O regime fiscal específico da Madeira

Este é um dos grandes trunfos que a Madeira tem na manga face ao Portugal continental. A Zona Franca da Madeira (ZFM), também conhecida como Centro Internacional de Negócios (CINM), oferece um regime fiscal extremamente favorável para empresas e profissionais que cumpram determinadas condições de atividade.

Para as sociedades registadas ao abrigo deste regime, o Imposto sobre as Sociedades (IRC) é de apenas 5%, em comparação com os 20% gerais aplicáveis no resto do país. Este incentivo conta com a aprovação da Comissão Europeia e estará disponível, por enquanto, até 2027, havendo grandes probabilidades de ser prorrogado.

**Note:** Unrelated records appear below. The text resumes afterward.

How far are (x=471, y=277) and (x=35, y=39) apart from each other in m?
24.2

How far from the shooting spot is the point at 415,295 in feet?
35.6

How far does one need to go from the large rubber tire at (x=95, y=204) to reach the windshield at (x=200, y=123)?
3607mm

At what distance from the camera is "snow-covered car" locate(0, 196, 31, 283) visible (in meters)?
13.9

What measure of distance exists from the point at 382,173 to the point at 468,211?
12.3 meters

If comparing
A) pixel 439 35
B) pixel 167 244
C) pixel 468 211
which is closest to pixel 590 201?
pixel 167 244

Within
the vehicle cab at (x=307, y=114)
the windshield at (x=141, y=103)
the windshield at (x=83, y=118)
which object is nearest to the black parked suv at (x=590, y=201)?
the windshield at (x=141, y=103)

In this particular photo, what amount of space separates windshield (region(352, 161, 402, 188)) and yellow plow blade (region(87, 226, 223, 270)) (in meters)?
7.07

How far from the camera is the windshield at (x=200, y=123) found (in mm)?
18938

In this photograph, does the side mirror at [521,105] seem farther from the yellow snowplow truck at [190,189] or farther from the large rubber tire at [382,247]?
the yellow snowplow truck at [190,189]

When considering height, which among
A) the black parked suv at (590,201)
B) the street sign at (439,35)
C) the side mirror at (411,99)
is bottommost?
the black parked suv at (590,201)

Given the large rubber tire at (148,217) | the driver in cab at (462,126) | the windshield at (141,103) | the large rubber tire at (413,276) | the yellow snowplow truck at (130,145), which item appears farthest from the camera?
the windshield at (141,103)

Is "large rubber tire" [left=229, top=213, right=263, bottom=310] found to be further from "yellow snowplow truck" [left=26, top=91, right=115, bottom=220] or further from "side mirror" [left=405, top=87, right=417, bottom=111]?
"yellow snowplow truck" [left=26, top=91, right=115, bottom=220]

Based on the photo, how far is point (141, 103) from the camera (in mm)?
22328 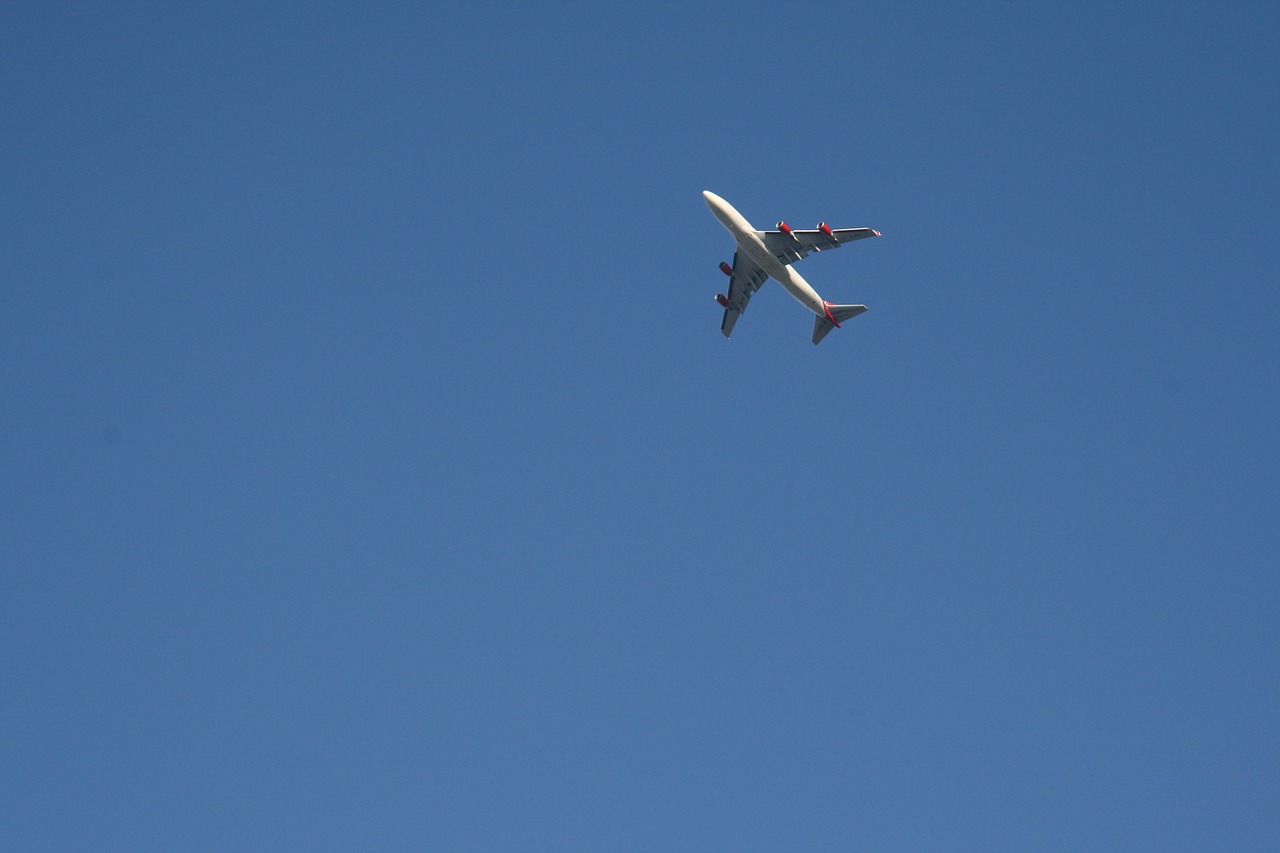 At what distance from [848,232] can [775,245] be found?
22.3 feet

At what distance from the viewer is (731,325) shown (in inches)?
5256

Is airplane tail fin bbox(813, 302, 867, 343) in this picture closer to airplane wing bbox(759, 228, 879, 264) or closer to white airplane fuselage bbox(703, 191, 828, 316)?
white airplane fuselage bbox(703, 191, 828, 316)

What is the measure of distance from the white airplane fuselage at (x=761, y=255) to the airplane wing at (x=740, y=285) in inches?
107

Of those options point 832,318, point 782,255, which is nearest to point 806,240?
point 782,255

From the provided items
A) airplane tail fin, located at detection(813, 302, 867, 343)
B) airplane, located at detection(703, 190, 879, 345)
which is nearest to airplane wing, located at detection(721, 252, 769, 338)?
airplane, located at detection(703, 190, 879, 345)

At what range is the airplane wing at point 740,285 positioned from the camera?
417 feet

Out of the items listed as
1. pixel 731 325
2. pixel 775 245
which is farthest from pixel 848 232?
pixel 731 325

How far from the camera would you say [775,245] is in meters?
121

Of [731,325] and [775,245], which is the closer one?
[775,245]

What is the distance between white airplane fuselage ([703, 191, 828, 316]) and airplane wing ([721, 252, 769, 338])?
107 inches

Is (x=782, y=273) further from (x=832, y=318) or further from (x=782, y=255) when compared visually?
(x=832, y=318)

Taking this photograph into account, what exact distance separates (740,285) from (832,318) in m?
9.87

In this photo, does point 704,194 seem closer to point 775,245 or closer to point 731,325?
point 775,245

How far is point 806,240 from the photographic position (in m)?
120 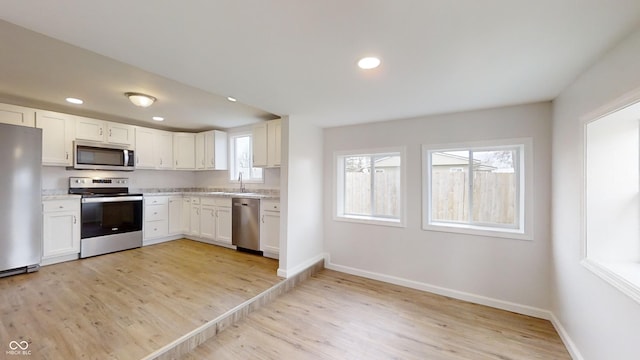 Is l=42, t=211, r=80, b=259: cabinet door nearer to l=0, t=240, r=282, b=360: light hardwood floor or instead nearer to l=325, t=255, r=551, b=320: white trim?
l=0, t=240, r=282, b=360: light hardwood floor

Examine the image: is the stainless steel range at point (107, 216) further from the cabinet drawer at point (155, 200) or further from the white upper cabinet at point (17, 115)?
the white upper cabinet at point (17, 115)

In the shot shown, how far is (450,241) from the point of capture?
3.10 metres

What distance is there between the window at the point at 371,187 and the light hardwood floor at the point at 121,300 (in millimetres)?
1477

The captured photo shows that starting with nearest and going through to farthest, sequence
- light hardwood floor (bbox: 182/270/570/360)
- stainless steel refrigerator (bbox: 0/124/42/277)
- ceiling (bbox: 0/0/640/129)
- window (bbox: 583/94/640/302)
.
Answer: ceiling (bbox: 0/0/640/129), window (bbox: 583/94/640/302), light hardwood floor (bbox: 182/270/570/360), stainless steel refrigerator (bbox: 0/124/42/277)

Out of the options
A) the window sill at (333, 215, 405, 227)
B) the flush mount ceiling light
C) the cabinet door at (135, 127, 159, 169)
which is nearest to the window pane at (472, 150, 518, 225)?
the window sill at (333, 215, 405, 227)

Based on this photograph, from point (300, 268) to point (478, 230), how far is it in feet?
7.44

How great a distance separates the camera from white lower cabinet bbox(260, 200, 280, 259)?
390cm

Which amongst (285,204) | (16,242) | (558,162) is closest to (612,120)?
(558,162)

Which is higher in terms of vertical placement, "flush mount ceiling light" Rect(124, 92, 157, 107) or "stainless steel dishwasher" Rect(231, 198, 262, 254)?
"flush mount ceiling light" Rect(124, 92, 157, 107)

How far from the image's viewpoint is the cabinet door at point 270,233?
390 centimetres

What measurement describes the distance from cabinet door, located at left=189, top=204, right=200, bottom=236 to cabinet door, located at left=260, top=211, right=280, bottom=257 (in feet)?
5.51

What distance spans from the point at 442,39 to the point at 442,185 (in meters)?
2.15

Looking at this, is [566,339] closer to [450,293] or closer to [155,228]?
[450,293]

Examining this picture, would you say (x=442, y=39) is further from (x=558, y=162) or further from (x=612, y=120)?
(x=558, y=162) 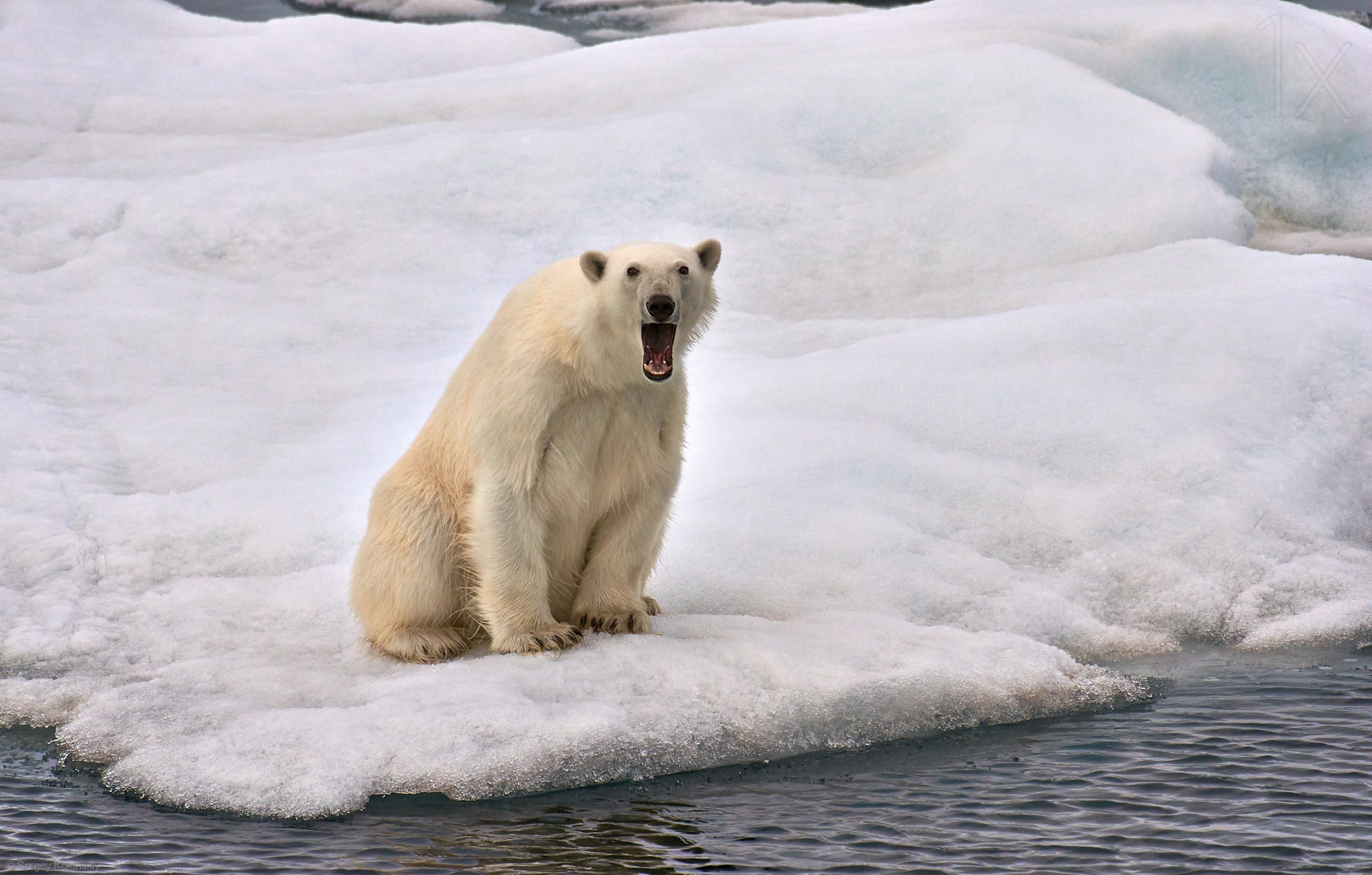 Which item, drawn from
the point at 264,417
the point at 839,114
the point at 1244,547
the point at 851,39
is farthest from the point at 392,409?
the point at 851,39

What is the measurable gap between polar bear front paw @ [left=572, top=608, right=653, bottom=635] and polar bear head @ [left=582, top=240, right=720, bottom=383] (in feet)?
3.35

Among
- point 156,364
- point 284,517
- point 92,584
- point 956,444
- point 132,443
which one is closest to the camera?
point 92,584

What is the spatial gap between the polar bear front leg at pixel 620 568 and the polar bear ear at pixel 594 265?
0.91 meters

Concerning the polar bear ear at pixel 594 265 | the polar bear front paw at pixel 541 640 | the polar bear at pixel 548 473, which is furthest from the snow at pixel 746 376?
the polar bear ear at pixel 594 265

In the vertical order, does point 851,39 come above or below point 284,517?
above

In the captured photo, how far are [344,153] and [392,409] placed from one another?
13.4ft

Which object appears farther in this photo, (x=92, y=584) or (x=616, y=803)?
(x=92, y=584)

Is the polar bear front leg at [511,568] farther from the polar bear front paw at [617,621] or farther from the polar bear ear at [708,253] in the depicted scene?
the polar bear ear at [708,253]

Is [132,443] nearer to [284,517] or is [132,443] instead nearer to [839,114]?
[284,517]

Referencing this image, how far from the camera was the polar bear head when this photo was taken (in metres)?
4.32

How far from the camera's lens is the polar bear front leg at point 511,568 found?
4.65 m

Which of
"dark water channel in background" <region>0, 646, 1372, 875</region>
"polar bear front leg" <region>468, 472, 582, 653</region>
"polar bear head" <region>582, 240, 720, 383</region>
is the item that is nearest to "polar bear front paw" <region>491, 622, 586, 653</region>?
"polar bear front leg" <region>468, 472, 582, 653</region>

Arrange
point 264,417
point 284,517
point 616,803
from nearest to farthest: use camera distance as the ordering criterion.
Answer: point 616,803, point 284,517, point 264,417

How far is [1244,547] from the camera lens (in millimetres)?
5930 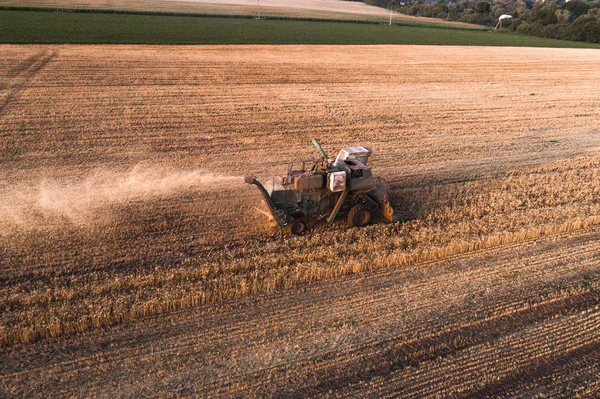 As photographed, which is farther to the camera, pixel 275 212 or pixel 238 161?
pixel 238 161

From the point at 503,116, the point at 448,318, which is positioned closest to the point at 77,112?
the point at 448,318

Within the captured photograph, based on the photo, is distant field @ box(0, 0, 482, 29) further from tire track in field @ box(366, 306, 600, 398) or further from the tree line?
tire track in field @ box(366, 306, 600, 398)

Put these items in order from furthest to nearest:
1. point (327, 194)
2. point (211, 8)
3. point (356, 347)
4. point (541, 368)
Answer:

Por outro lado, para os reformados e as pessoas com rendimentos provenientes do estrangeiro, a Madeira oferece o famoso regime de Residente Não Habitual (RNH). Na sua versão atualizada para os novos requerentes, permite que as pensões estrangeiras sejam tributadas a uma taxa fixa muito baixa de 10% durante dez anos. No entanto, uma vez que as condições exatas dependem da situação pessoal de cada um, o melhor é consultar um consultor fiscal de confiança antes de avançar.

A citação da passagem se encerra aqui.